In August 2021, Asheville City Schools and City of Asheville leaders met behind closed doors to discuss Jones Park, and the public subsequently learned that a decision was made to tear down the playground without a replacement plan. There was no discussion with the community about potential options for saving or replacing this treasured park. We hope that our city leaders will do better than this in several decades, when this park eventually needs to be replaced. Adopting the park is a small step toward not repeating this cycle again.
Thanks go to Asheville City Council members and Asheville City school board members, voting unanimously in 2022, to allow Jones Park to be rebuilt with private funding from the community. In this process, the park was renamed for Candace Pickens, tragically killed here in 2016.
With huge support from businesses and community members across the city and multistate region, more than 1,000 volunteers brought this playground back on line last October. It was two solid years without a park. We really don’t want to repeat this again, losing a treasured park without a replacement plan.
Most of us thought the signed interlocal agreement meant we had city leaders’ support in designating this as a true city park. In the agreement, city Parks and Recreation is obligated to “maintain the playground for 20 years or the life of the equipment, whichever is longer.” Asheville City Schools agreed to cut the grass. Seems like a great win for the city and school to have this asset for all to use. Nice example of leveraging the resources we collectively have here in Asheville to create better parks for everyone.
The city originally helped build this park in 1999 and provided maintenance for many years, proudly posting the city logo on the sign. Why doesn’t the city want to put its logo on this now? Why won’t the city adopt Candace Pickens Memorial Park into the park system? We’ve heard it’s a lack of funding, but this isn’t true. The city incurs no additional cost in claiming it other than posting a sign.
It seems like putting this playground on the city park finder website so folks from across the city know they are welcome to use this playground would be something we should all support. It literally costs no more than the city is already obligated to pay for maintenance already. This is a huge gift to the city to get a free park in a place where generations of families have played for decades.
Take the win — put the City of Asheville logo on the park and tell everyone it’s here for them to use. We want more kids from all parts of the city playing here together. We all, adults and children, build relationships organically bridging all socioeconomic boundaries in shared spaces such as this. Parks build community.
We the undersigned all supported the rebuilding of the park and collectively support the adoption of Candace Pickens Memorial Park into the city Parks and Recreation portfolio of resources. Putting the city logo on the park is a small but important symbolic gesture letting people know this is a place where they are welcome and that the city supports and cares for this park. Please, City Council members and Asheville City school board members, work together to make this an official city park.
— Lowell Grabel, Michael N. Lewis and David L. Rodgers
Asheville
— Leigh Jackson
Atlanta
They cannot afford or maintain the parks that they claim now, so add another? Why not, just tack on another tax increase.
There was a campaign by her own mother who did not want this renaming after Candace.
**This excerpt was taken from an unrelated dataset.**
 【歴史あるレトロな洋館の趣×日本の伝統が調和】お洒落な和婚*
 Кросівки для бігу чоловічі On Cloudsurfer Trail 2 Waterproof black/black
Respect the family.
Wrong. Her mother supported naming the park for her:
https://www.citizen-times.com/story/news/local/2022/10/11/north-asheville-jones-park-renamed-to-honor-candace-pickens/69553062007/
“Keesha Martinez, mother to Pickens, attended the Oct. 10 meeting. She advocated for the park to be named in her daughter’s honor at the Sept. 27 City Council meeting, and said it was a place she used to take her children when they were young and, in turn, where Candace took her own son.”